Konferensi ini membahas 5 topik utama, yaitu: (1) Kapitalisme mengandung bibit kegagalan dan melahirkan Krisis; (2) Munculnya krisis ekonomi; sebab dan akibat; (3) Pengaruh krisis terhadap sejumlah wilayah di seluruh dunia; (4) Gagalnya solusi krisis keuangan global yang berlangsung saat ini; (5) Sistem ekonomi Islam dalam negara Khilafahlah satu-satunya yang mampu mewujudkan kehidupan ekonomi yang adil dan bebas krisis
Dalam sesi pembahasan, konferensi ini dengan sangat jelas dan tegas—melalui pembicara di Sesi 1 dan 2, yakni Abdullah Abdurrahman (Sudan), Abu al-Izz Abd as-Salam (Palestina)—mengungkap kebobrokan dan kesalahan Kapitalisme, baik dari aspek ideologis maupun sistemnya. Diungkap juga kegagalan Kapitalisme dalam menyelesaikan problem utama ekonomi, yakni persoalan distribusi. Juga dipaparkan kekacauan ekonomi dunia akibat dihentikannya penggunaan sistem emas dan perak dalam transaksi keuangan; sementara transaksi keuangan yang ada sekarang justru berkembang semakin liar akibat sistem ribawi, judi dan spekulasi yang dipraktikkan dalam perbankan, bursa berjangka serta pasar saham dan pasar uang dengan segala dampaknya di berbagai wilayah dunia, khususnya di negeri-negeri Muslim seperti di Indonesia dan kawasan Asia Tenggara, Bangladesh dan kawasan Asia Selatan, Timur Tengah dan Afrika bagian Utara serta, Turki, Eropa dan Amerika.
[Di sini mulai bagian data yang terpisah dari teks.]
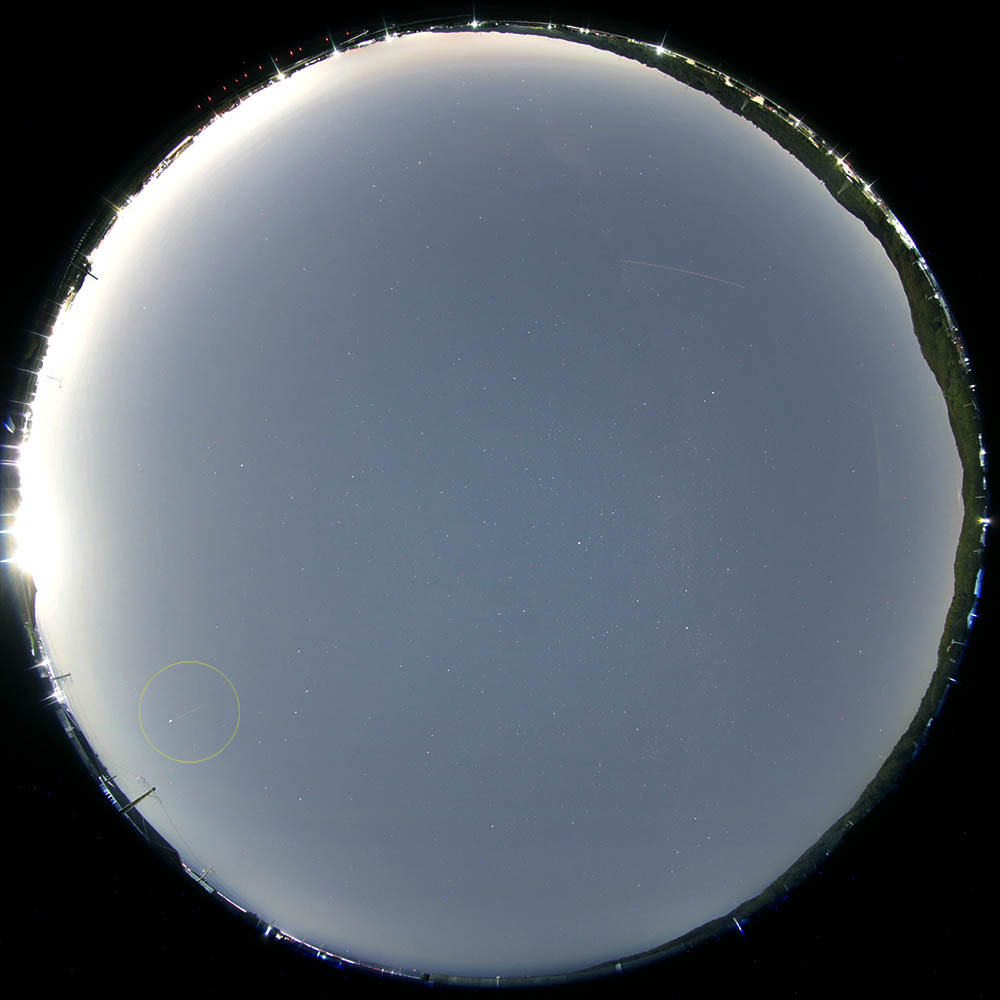 M20260805_202615_磐田市_8mm_full_1000w.jpg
Soal dampak krisis global dijelaskan dengan sangat gamblang oleh Revrisond Baswir (Indonesia) dan Mahmud Utsman Imam (Prof. Ekonomi Keuangan dari Univ. Dhakka, Bangladesh), Khaluq Ezdogan (Turki), Abu Ahmad Yusuf (Yaman) dan Idris Faris (Inggris) serta Jamal Harwood (Kanada). Pada intinya, mereka mengungkap bahwa krisis ini telah menimbulkan dampak yang sangat serius; selain kemunduran ekonomi yang kemudian mengakibatkan naiknya angka pengangguran dan kemiskinan, juga meningkatkan stres. Idries de Vries (Belanda) menjelaskan bagaimana akibat tingginya angka pengangguran yang kini tengah melanda seluruh negara Eropa menimbulkan tekanan jiwa luar biasa terhadap masyarakat di sana. Tidak tahu harus berbuat apa, orang-orang yang sedang stres itu akhirnya justru lari ke narkoba dan minuman keras. Walhasil, bukan solusi yang didapat, tetapi makin memperparah keadaan. Kriminalitas meningkat pesat, juga makin maraknya penyalahgunaan narkotik dan obat-obatan.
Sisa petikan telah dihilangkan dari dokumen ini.